Over a series of posts I'll discuss what we have learned (maybe — maybe I'll just lazy and leave you wondering forever): why compiling Rust is slow, and/or feels slow; compile-time use cases; things we measured; things we want to measure but haven't or don't know how; ideas that improved compile times; ideas that did not improve compile times; how TiKV compile times have changed over time; suggestions for how to organize Rust projects that compile fast; and recent and future upstream improvements to compile times.

In this episode:

  • [The Spectre of Poor Rust Compile Times at PingCAP]
  • [Preview: The TiKV Compile-time Saga so far]
  • [Part 1: The Rust Compilation Model Calamity]
  • [Bootstrapping early Rust]
  • [(Un)virtuous cycles]
  • [A brief aside about compile-time use cases]
  • [Rust's designs for poor compile time]
  • [Tradeoff #1: Monomorphized generics]
  • [Testing the impact of monomorphization on compile times in Rust]
  • [Tradeoff #2: Huge compilation units]
  • [Tradeoff #3: Trait coherence and the orphan rule]
  • [Tradeoff #4: LLVM]
  • [Tradeoff #5: Batch compilation]
  • [Tradeoff #6: Build scripts]
  • [Tradeoff #7: High run-time performance]
  • [Tradeoff #8: Fixed compilation profiles]
  • [All that stuff summarized]
  • [In the next episode of The TiKV Compile-time Saga]

The Spectre of Poor Rust Compile Times at PingCAP

At PingCAP, my colleagues wrote TiKV, the storage node of our distributed database, in Rust. They did this because they wanted this most important node in the system to be fast and reliable by construction, at least to the greatest extent reasonable.

It was mostly a great decision, and most people internally are mostly happy about it.

But many complain about how long it takes to build. For some a full rebuild might take ~15 minutes in development mode, and ~30 minutes in release mode. To developers of large systems projects this might not sound horrible, but it's much slower than what most developers are used to out of modern programming languages. TiKV is not even a particularly large system, with TODO total lines of Rust code. Building Servo or Rust itself is much, much more unpleasant.

Other nodes in the system are written in Go, which of course comes with a different set of advantages and disadvantages from Rust. The Go developers at PingCAP kinda hate and resent having to wait for the Rust components to build. They are used to a rapid build-test cycle.

Rust developers on the other hand are used to taking a lot of coffee breaks. (Or tea, or cigarettes, or hashish, or sobbing, or whatever, as the case may be — Rust developers have the spare time to nurse their personal demons real good.)

Internally at PingCAP, new code that would be appropriate to write in Rust is often written in Go, only because of the spectre of terrible compile times.

And this is a company that is one of Rust's greatest advocates.

Preview: The TiKV Compile-time Saga so far

The first entry in this series is just a story about why Rust compile times suck. Since it might take another entry or two to dive into concrete technical details of what we've done with TiKV's compile times, here's a pretty graph to capture your imagination, without comment.

TODO

On to the story.

Part 1: The Rust Compilation Model Calamity

Rust was designed for slow compilation times.

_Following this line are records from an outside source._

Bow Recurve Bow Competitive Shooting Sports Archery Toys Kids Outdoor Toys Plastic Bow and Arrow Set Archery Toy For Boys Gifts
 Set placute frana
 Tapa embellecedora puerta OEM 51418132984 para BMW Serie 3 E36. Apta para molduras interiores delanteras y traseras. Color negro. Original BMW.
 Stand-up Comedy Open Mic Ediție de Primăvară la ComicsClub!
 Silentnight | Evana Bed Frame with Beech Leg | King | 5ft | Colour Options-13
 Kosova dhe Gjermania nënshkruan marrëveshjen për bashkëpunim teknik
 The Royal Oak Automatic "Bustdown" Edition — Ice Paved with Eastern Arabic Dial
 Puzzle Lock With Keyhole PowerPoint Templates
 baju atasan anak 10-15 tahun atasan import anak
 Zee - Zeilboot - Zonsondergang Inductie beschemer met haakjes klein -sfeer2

I mean, that wasn't the goal. As is often cautioned in debates among their designers, programming language design is full of tradeoffs. One of those fundamental tradeoffs is run-time performance vs. compile-time performance, and the Rust team nearly always (if not always) chose run-time over compile-time.

The intentional run-time / compile-time tradeoff isn't the only reason Rust compile times are horrific, but it's a big one. There are also language designs that are not crucial for run-time performance, but accidentally bad for compile time performance. The Rust compiler was also not designed to support fast compilation times.

So there are intrinsic language-design reasons, and accidental language-design reasons for Rust's bad compile times. Those mostly can't be fixed ever (though they may be mitigated by compiler improvements, design patterns, and language evolution). There are also accidental compiler-architecture reasons for Rust's bad compile times, which can generally be fixed through enormous engineering effort and time.

For context, if compilation time was not a core Rust design principle, what were Rust's core design principles? Here are a few:

  • Practicality — it should be a language that can be and is used in the real world.
  • Pragmatism — it should admit concessions to human usability and integration into systems as they exist, instead of attempting to maintain any kind of theoretical purity.
  • Memory-safety — it must enforce memory safety, and not admit segmentation faults and other such memory-access violations.
  • Performance — it must be in the same performance class as C and C++.
  • Concurrency — it must provide modern solutions to writing concurrent code.

But it's not like we didn't put any consideration into fast compile times. For example, for any analysis Rust needs to do, the team tried hard to ensure it would not suffer from exponential complexity (see e.g. Swift's accidental exponential type-inference blow-up). Rust's design history though one of increasingly being sucked into the swamp of poor performance.

Story time!

Bootstrapping early Rust

I don't remember when I realized that Rust's bad compile times were a strategic problem for the language, potentially a fatal mistake in the face of future Rust-alike competitors. For the first few years I wasn't too concerned, and I don't think most of my peers were either. I mostly remember that Rust compile time was always* bad, and like, whatever, that's just reality.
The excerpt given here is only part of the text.